BioMarin's Acquisition of Amicus Therapeutics Enhances Rare Disease Portfolio

BioMarin Completes Acquisition of Amicus Therapeutics

On April 27, 2026, BioMarin Pharmaceutical Inc. announced the successful completion of its acquisition of Amicus Therapeutics. This strategic move, valued at approximately $4.8 billion, allows BioMarin to broaden its commercial portfolio significantly.

Details of the Acquisition

BioMarin acquired Amicus for $14.50 per share in an all-cash transaction. This acquisition adds two innovative treatments for lysosomal storage diseases to BioMarin’s already impressive lineup: Galafold (migalastat) and Pombiliti (cipaglucosidase alfa-atga) + Opfolda (miglustat). These therapies represent vital advancements in the treatment of rare diseases such as Fabry disease and Pompe disease.

Galafold, a pioneering oral medication, is specifically designed for individuals with Fabry disease who possess amenable GLA variants. It works by stabilizing the body's natural enzyme, consequently helping to clear harmful substance accumulation.
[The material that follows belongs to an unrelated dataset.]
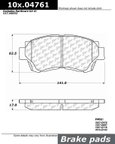 Centric 106.04761 Disc Brake Pad Set - Front - view 1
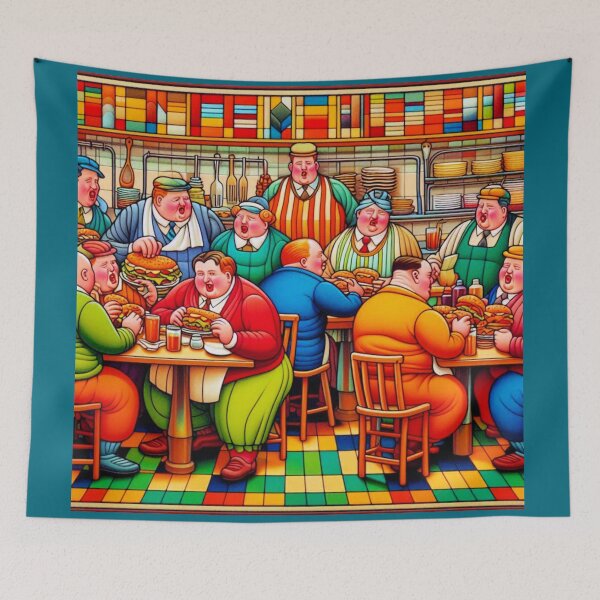 Item preview, The Feast of Color Diner designed and sold by daweave77.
BioMarin’s acquisition enables it to expand the availability of Galafold, which is already approved in over 40 countries, including the United States, Europe, and Japan.

Pombiliti and Opfolda, used together, form a two-component therapy targeting patients with late-onset Pompe disease who are not responding to existing enzyme replacement therapies. This combination is pivotal as it enhances the delivery and retention of enzyme functionality in the body, offering hope to patients grappling with this debilitating condition.

CEO Statement

Alexander Hardy, BioMarin’s President and CEO, emphasized the acquisition's significance, stating that it not only reinforces their growth strategy but also aligns with the company's mission to deliver essential medicines to those affected by rare diseases. Hardy articulated the synergy created by combining BioMarin’s global presence and robust commercial infrastructure with the strong legacy of Amicus Therapeutics, affirming their commitment to enhance patient access to these critical therapies worldwide.

Future Directions

In addition to gaining these valuable treatments, BioMarin also acquired the U.S. rights to DMX-200, an investigational drug that could potentially treat focal segmental glomerulosclerosis (FSGS), a rare kidney disease currently in Phase 3 trials. This addition emphasizes BioMarin's dedication to pursuing innovative solutions in the treatment landscape of rare diseases.

Conclusion

The completion of this acquisition marks a significant milestone for BioMarin and its ongoing efforts in the biotech domain. With a robust pipeline and a historical commitment to innovation, BioMarin is more equipped than ever to address the complexities associated with rare diseases, ultimately reaching out to more patients who depend on these pioneering treatments. As BioMarin moves forward, it promises to provide updated financial guidance and further insights during its upcoming First Quarter Earnings Call on May 4, 2026.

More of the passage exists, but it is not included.